- **AIM OF THE TASK**:
Without the images, print all the entries below exactly as given.

- **RECORDS SUPPLIED**:
___
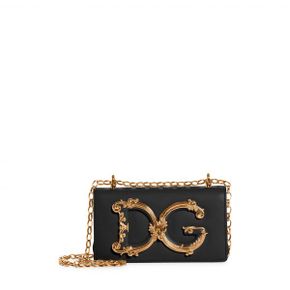 우먼 DolceGabbana 걸즈 로고 레더 폰 크로스백 숄더백 Nero 9280137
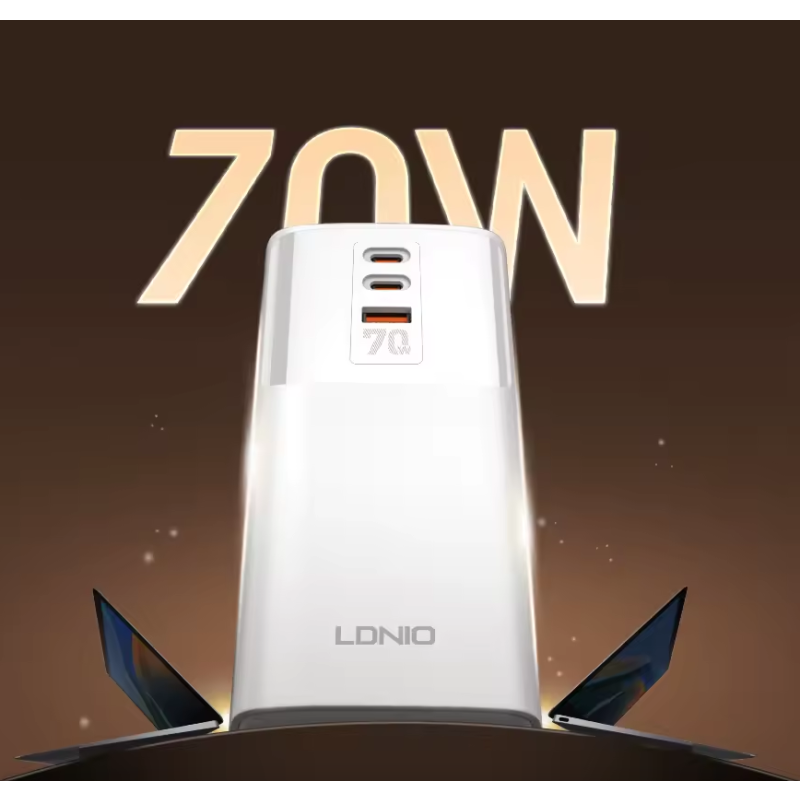 LDNIO Strømkube 70W Opladerstation | Multi-stik, USB-C/A | Universaladapter UK/US/EU | Hjemmekontor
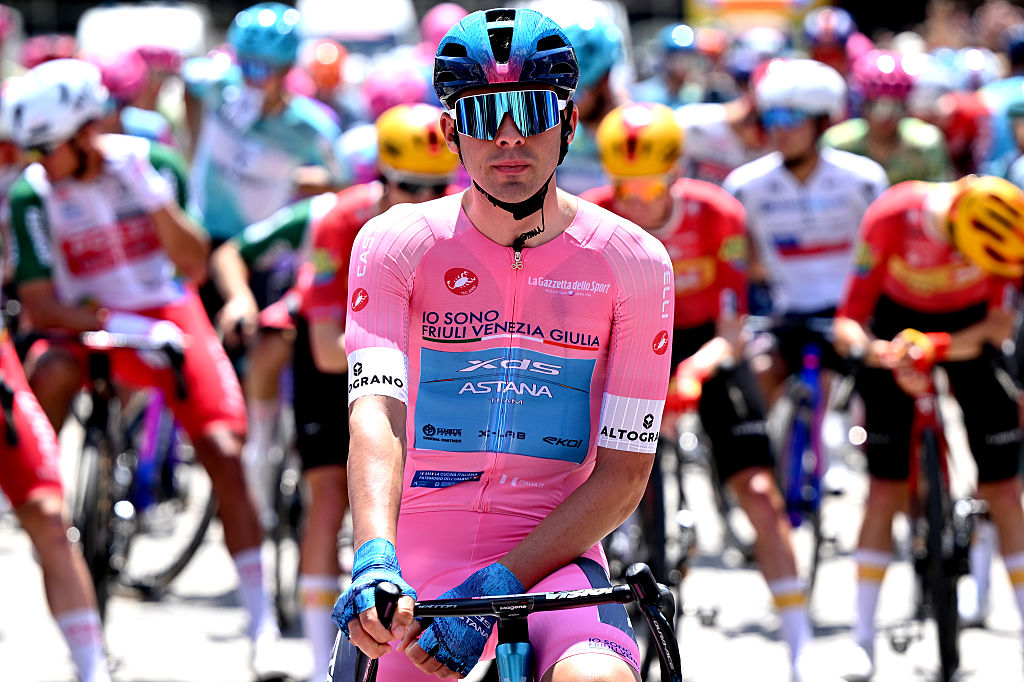 PLOVDIV, BULGARIA - MAY 10: Guillermo Thomas Silva of Uruguay and Team XDS Astana - Pink Leader Jersey and a view of Trofeo Senza Fine prior to the 109th Giro d&amp;apos;Italia 2026, Stage 3 a 175km stage from Plovdiv to Sofia / #UCIWT / on May 10, 2026 in Plovdiv, Bulgaria. (Photo by Dario Belingheri/Getty Images)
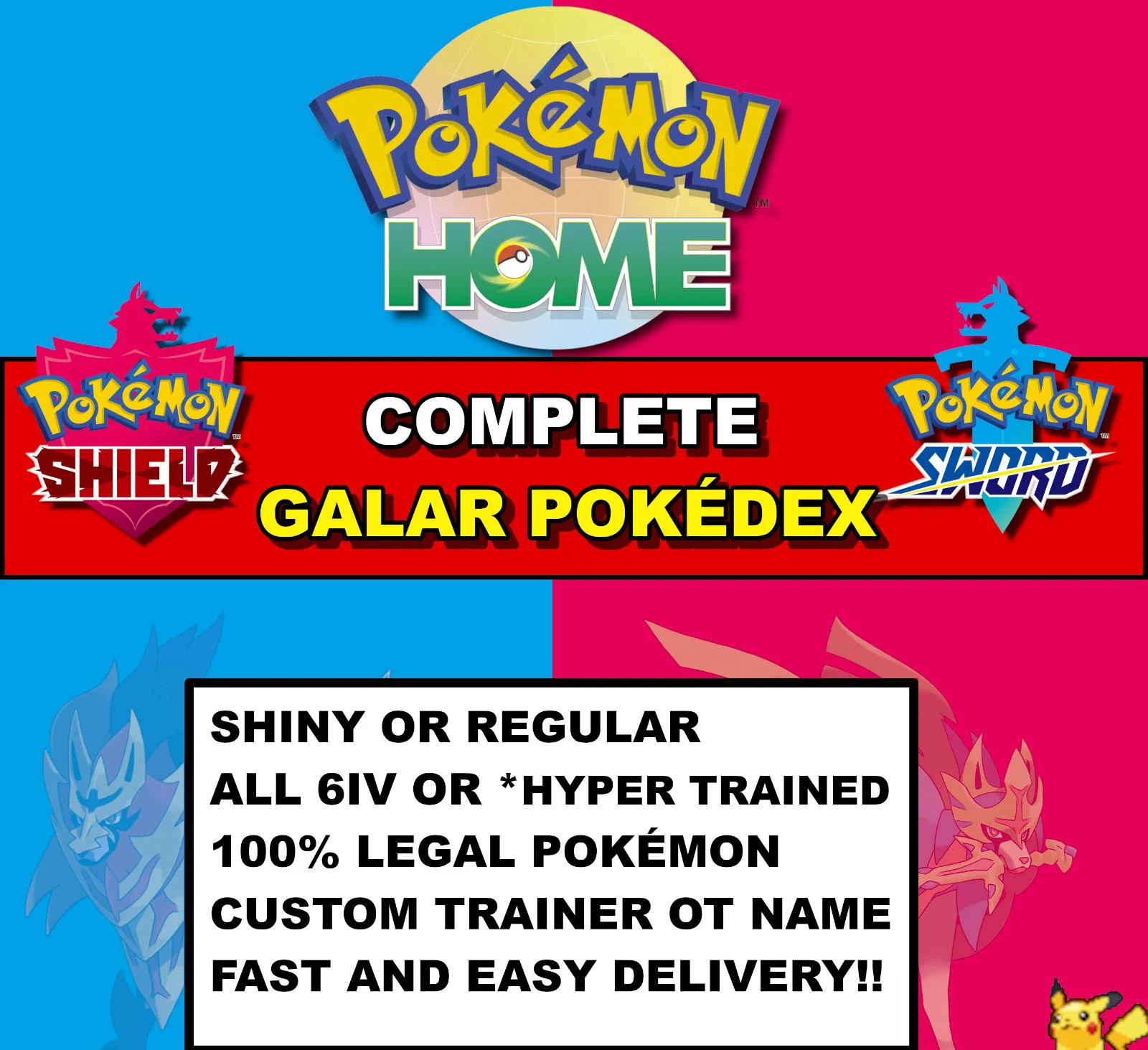 Complete/Full Galar Pokedex – Pokemon Sword/Shield HOME EVs Trained
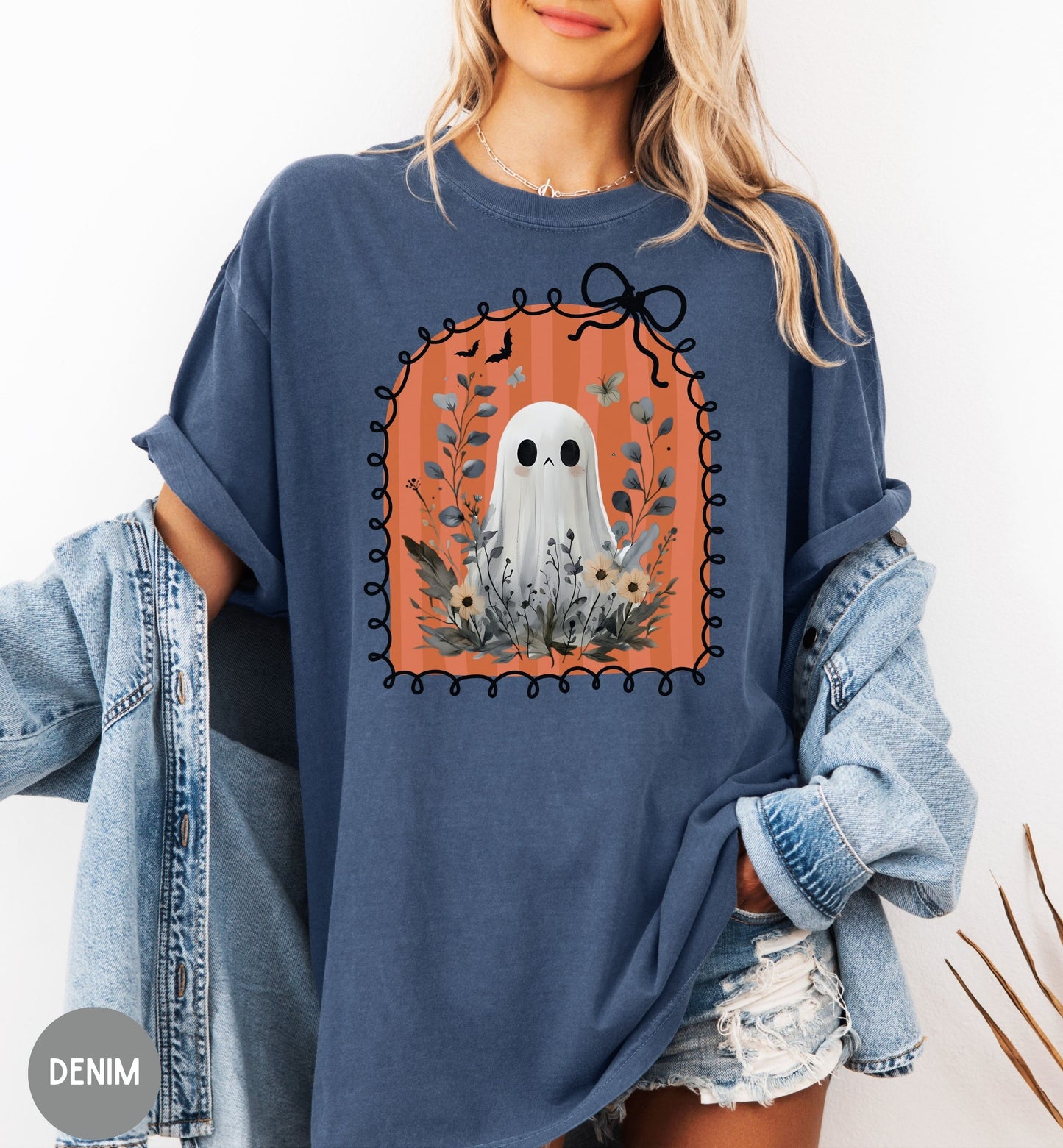 Cute Ghost Shirt for Women, Halloween t-shirt, Floral Halloween tee, Bow shirt, Wildflower ghost shirt, coquette Halloween, Autumn Aesthetic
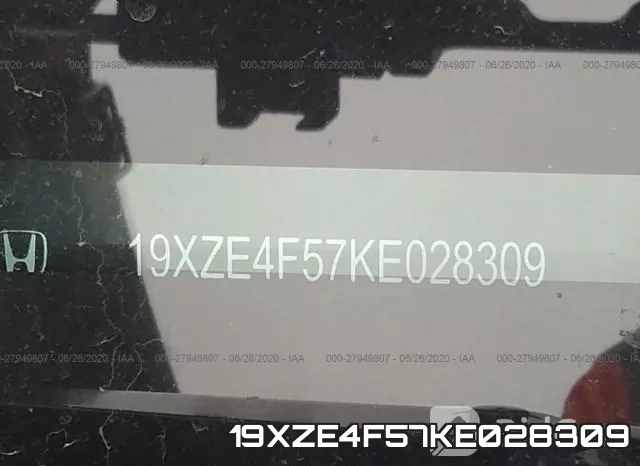 19XZE4F57KE028309 фото 10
___
- **FINISHED TASK**:
 우먼 DolceGabbana 걸즈 로고 레더 폰 크로스백 숄더백 Nero 9280137
 LDNIO Strømkube 70W Opladerstation | Multi-stik, USB-C/A | Universaladapter UK/US/EU | Hjemmekontor
 PLOVDIV, BULGARIA - MAY 10: Guillermo Thomas Silva of Uruguay and Team XDS Astana - Pink Leader Jersey and a view of Trofeo Senza Fine prior to the 109th Giro d&amp;apos;Italia 2026, Stage 3 a 175km stage from Plovdiv to Sofia / #UCIWT / on May 10, 2026 in Plovdiv, Bulgaria. (Photo by Dario Belingheri/Getty Images)
 Complete/Full Galar Pokedex – Pokemon Sword/Shield HOME EVs Trained
 Cute Ghost Shirt for Women, Halloween t-shirt, Floral Halloween tee, Bow shirt, Wildflower ghost shirt, coquette Halloween, Autumn Aesthetic
 19XZE4F57KE028309 фото 10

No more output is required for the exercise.